**Records contained in a dataset**
* * * * *

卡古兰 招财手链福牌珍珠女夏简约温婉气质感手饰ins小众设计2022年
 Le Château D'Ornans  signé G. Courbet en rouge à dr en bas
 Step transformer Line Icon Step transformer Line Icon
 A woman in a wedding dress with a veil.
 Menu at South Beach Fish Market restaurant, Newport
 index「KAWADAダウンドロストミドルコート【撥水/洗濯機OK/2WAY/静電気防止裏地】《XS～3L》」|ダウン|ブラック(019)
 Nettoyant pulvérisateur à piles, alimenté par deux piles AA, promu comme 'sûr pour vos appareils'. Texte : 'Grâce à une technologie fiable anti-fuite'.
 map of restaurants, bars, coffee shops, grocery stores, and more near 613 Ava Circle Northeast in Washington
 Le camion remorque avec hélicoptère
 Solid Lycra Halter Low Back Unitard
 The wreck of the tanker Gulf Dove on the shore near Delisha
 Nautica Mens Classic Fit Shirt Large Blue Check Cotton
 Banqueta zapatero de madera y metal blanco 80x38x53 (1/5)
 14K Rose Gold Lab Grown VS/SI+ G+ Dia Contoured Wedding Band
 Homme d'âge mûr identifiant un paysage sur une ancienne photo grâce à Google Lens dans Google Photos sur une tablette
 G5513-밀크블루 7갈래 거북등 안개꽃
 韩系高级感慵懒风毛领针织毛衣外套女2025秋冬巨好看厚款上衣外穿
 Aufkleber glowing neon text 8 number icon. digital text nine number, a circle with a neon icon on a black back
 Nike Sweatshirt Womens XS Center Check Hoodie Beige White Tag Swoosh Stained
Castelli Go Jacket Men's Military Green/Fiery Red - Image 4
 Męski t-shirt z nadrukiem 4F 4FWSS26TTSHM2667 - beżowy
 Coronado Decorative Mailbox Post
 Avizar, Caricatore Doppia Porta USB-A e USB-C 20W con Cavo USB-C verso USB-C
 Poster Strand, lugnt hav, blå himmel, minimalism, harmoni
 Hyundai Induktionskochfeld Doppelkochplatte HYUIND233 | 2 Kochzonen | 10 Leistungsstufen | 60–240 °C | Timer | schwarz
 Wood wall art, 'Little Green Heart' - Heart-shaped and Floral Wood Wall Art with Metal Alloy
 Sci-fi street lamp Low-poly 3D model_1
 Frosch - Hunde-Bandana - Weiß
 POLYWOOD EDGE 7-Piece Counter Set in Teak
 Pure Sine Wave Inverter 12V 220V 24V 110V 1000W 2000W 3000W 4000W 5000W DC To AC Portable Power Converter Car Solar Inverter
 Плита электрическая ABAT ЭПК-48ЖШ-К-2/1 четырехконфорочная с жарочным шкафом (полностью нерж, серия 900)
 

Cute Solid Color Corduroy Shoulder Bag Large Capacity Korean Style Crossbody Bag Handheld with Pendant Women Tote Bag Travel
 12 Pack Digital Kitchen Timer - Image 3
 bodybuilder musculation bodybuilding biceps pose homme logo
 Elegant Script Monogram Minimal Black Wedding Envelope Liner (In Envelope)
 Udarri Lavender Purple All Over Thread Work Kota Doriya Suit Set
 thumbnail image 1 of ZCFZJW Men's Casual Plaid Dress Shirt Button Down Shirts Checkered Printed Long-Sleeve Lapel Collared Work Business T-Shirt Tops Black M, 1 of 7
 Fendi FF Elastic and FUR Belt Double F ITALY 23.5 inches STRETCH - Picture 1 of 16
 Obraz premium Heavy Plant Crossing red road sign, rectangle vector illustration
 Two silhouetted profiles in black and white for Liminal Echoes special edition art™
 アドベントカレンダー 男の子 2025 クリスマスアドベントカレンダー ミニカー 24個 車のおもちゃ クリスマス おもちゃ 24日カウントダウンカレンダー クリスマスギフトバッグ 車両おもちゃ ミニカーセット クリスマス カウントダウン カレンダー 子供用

* * * * *

**Work item**
Please copy the lines above from the line with "Homme d'âge mûr" up to and including the line with "Плита электрическая ABAT", exactly as written and with nothing else.

**Result for this exercise**
 Homme d'âge mûr identifiant un paysage sur une ancienne photo grâce à Google Lens dans Google Photos sur une tablette
 G5513-밀크블루 7갈래 거북등 안개꽃
 韩系高级感慵懒风毛领针织毛衣外套女2025秋冬巨好看厚款上衣外穿
 Aufkleber glowing neon text 8 number icon. digital text nine number, a circle with a neon icon on a black back
 Nike Sweatshirt Womens XS Center Check Hoodie Beige White Tag Swoosh Stained
Castelli Go Jacket Men's Military Green/Fiery Red - Image 4
 Męski t-shirt z nadrukiem 4F 4FWSS26TTSHM2667 - beżowy
 Coronado Decorative Mailbox Post
 Avizar, Caricatore Doppia Porta USB-A e USB-C 20W con Cavo USB-C verso USB-C
 Poster Strand, lugnt hav, blå himmel, minimalism, harmoni
 Hyundai Induktionskochfeld Doppelkochplatte HYUIND233 | 2 Kochzonen | 10 Leistungsstufen | 60–240 °C | Timer | schwarz
 Wood wall art, 'Little Green Heart' - Heart-shaped and Floral Wood Wall Art with Metal Alloy
 Sci-fi street lamp Low-poly 3D model_1
 Frosch - Hunde-Bandana - Weiß
 POLYWOOD EDGE 7-Piece Counter Set in Teak
 Pure Sine Wave Inverter 12V 220V 24V 110V 1000W 2000W 3000W 4000W 5000W DC To AC Portable Power Converter Car Solar Inverter
 Плита электрическая ABAT ЭПК-48ЖШ-К-2/1 четырехконфорочная с жарочным шкафом (полностью нерж, серия 900)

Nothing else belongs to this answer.